Colluouctor: The Search

File Under: a distinctly female jazz ensemble

“The album title refers to searching for a better way to exist in the world, but that could be emotional, spiritual or more simply a move to a geographically different place. The last track is called ‘Arrival’ and hopefully suggests something positive for us to aim for in these unsettled times. It’s an accidental concept album, the story of a journey. I didn’t start off with the intention of writing an album with a narrative theme, but as the music progressed the compositions naturally fitted together and there seemed to be a continuum between the pieces that developed into this story of a journey with a dark beginning and a hopeful end.”

  • Collocutor are;
  • Tamar Osborn – baritone & soprano sax and alto flute,
  • Josephine Davies – tenor sax,
  • Simon Finch – trumpet,
  • Marco Piccioni – guitar,
  • Suman Joshi – bass,
  • Maurizio Ravalico – various percussion,
  • Afla Sackey – djembe and Ghanaian shakers,
  • (Magnus Mehta on various percussion in the group’s live expression).

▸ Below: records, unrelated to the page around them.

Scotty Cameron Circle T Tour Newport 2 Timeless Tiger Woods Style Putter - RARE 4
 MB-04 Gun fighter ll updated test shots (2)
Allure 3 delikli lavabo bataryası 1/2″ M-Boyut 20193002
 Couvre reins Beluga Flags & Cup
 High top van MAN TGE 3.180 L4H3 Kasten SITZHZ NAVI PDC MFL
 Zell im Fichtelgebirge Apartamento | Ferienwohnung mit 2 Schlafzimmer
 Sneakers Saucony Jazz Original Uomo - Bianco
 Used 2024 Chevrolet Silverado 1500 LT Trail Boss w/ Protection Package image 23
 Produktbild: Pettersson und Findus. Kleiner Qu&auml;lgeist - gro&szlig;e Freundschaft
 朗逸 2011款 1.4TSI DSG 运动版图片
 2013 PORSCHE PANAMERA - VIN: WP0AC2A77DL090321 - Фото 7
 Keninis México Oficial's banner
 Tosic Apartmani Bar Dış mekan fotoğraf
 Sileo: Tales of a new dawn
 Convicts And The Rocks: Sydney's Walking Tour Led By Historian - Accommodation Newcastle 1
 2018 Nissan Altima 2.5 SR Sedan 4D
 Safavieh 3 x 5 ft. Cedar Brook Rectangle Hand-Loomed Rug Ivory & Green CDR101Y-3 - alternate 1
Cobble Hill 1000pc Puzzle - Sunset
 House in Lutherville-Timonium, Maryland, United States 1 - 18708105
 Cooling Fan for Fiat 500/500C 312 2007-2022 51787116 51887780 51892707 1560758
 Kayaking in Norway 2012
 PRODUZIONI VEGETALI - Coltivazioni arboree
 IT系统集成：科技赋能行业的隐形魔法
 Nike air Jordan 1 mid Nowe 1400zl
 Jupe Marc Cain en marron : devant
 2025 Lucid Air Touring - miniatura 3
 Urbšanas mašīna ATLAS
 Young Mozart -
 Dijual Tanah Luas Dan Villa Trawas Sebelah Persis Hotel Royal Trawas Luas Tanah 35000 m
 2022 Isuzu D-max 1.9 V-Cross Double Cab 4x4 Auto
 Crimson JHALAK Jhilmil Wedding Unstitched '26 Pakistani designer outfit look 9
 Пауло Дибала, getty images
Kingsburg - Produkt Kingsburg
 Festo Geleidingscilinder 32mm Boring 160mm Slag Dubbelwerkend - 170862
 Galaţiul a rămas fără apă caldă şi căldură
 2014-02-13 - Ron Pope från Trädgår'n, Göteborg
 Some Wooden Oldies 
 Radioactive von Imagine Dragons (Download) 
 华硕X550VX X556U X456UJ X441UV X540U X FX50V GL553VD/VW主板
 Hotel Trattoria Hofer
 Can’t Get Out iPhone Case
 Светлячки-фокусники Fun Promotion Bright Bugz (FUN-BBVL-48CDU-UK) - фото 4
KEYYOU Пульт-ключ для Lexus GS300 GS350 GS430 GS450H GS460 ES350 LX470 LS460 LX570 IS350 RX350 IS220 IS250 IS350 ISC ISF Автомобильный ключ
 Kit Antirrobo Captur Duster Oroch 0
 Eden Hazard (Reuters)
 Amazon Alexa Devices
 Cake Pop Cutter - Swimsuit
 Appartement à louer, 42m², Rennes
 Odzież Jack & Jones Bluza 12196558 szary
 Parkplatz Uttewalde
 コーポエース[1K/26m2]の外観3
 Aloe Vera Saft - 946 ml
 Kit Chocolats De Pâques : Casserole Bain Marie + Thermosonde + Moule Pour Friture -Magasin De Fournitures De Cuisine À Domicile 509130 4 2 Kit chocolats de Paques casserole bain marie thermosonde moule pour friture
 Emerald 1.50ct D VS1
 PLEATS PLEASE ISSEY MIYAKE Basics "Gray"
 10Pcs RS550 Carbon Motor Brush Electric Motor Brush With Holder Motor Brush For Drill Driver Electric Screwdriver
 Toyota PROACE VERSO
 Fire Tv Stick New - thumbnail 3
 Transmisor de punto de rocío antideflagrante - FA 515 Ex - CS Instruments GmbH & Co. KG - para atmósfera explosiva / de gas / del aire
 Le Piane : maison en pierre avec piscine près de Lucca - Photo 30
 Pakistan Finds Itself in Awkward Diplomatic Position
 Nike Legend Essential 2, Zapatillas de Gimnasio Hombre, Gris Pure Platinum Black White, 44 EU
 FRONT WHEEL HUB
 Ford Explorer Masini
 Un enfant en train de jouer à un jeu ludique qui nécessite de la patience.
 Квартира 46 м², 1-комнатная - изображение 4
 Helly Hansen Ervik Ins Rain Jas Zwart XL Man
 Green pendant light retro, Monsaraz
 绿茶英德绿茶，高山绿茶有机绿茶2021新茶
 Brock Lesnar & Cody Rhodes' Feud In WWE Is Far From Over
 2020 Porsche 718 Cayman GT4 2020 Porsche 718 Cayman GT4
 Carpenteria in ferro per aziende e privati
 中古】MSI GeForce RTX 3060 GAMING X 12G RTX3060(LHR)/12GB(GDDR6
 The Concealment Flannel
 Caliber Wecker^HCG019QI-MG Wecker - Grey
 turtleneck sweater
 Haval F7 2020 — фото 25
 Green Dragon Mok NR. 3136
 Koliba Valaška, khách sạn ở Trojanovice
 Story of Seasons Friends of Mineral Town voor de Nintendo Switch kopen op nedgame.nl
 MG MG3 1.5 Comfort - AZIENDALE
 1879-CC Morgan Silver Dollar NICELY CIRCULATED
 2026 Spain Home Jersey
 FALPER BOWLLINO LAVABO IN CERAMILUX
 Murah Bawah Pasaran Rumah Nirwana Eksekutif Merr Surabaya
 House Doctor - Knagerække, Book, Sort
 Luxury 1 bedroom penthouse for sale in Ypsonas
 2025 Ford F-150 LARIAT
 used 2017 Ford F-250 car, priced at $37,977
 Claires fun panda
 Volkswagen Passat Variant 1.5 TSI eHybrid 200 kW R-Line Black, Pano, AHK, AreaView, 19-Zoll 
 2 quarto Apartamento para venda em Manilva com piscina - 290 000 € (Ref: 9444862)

Sunwatchers: Illegal Moves

File Under: yes, we’re going to prog

Expect anything and everything. Wah wah pedals, psychedelic free-riffing, experimental blotto and a general all around intention to post-rock rather than mere revival. These guys sound like friends, not guitar and saxophone gods. There’s some freedom loving people in this group, who are tuned into each others proclivities and levels of nuance. Jazz and rock lovers will like this in equal measure. I hope Steve Hillage is listening.


Notable Singles/Videos

Nilufer Yanya, “In Your Head”

File Under: An album you might take the time to listen to.


Grimes, “Pretty Dark”

File Under: I still think her pop-masterpiece Art Angels is underrated. This single is from a new and as yet untitled album, her first in four years.


Robert Forster, “Inferno (Brisbane in Summer)”

File Under: Go-Betweens solo record


F*ck That: “An Honest Meditation”

File Under: I really did laugh out loud, but then again most of the Buddhist New Age stuff makes leaves me feeling meh.